Peter Westergaard (Princeton University)

Educated at Harvard and Princeton M.F.A., composer Peter Westergaard studied with Darius Milhaud (Aspen, Paris), Walter Piston (Harvard), Roger Sessions, Milton Babbitt, Edward Cone (Princeton) Wolfgang Fortner (Detmold, Germany). He has taught at the Staatliche Hochschule fr Musik, Freiburg in Breisgau, Columbia University, Amherst College,and Princeton, where he succeeded Sessions and Babbitt as William Shubael Conant Professor of Music. His seven operas include "Mr. and Mrs. Discobbolos" (1965), "The Tempest" (1990), "Moby Dick" (2003), "Alice in Wonderland" (2007), and "The Always Present Present" (2008, premiere 7 March at the Kimmel Center, Philadelphia). Also active as a theorist, Professor Westergaard has authored Introduction to Tonal Theory (W.W. Norton, 1975), articles including "Toward a Twelve-Tone Polyphony," "Sung Language," and "Geometries of Sound in Time"). He has also been a stage director (15 productions with the Princeton University Opera Theater and the Opera Festival of New Jersey, which he founded with the conductor Michael Pratt), and writer of English singing translations of operas (from Incoronazione di Poppea to Gianni Schicchi and L'Enfant et les Sortileges and others.

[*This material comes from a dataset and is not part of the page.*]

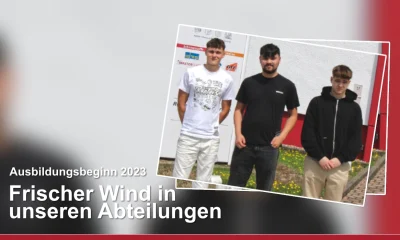 Azubi-Jahrgang 2023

Scott Wheeler (Emerson College)

Scott Wheeler received his doctorate from Brandeis, where his principal teachers were Lewis Spratlan and Arthur Berger; he pursued further study at the Tanglewood Music Center (with Olivier Messiaen), the Dartington School (with Peter Maxwell Davies) and privately with Virgil Thomson. He teaches at Emerson College, and in 1975 he was a founding member of the new-music ensemble Dinosaur Annex. Mr. Wheeler's most recent commission is for the Metropolitan Opera and Lincoln Center Theatre. Other commissions and performances include the orchestras of Minnesota, Houston, Toledo and Indianapolis, as well as New York City Opera, and the Chamber Music Society of Lincoln Center. Scott Wheeler's opera Democracy: An American Comedy, on a libretto of Romulus Linney, was commissioned by the Washington National Opera and premiered by them in January 2005.. He has received awards and commissions from the Guggenheim Foundation, the Koussevitsky Foundation, the Fromm Foundation, Tanglewood, the National Endowment for the Arts, the Massachusetts Artist Foundation, Yaddo, the American Academy of Arts and Letters, and the MacDowell Colony, as well as the Stoeger Prize for excellence in chamber music from the Chamber Music Society of Lincoln Center. He was a Distinguished Visitor at the American Academy in Berlin in 2007.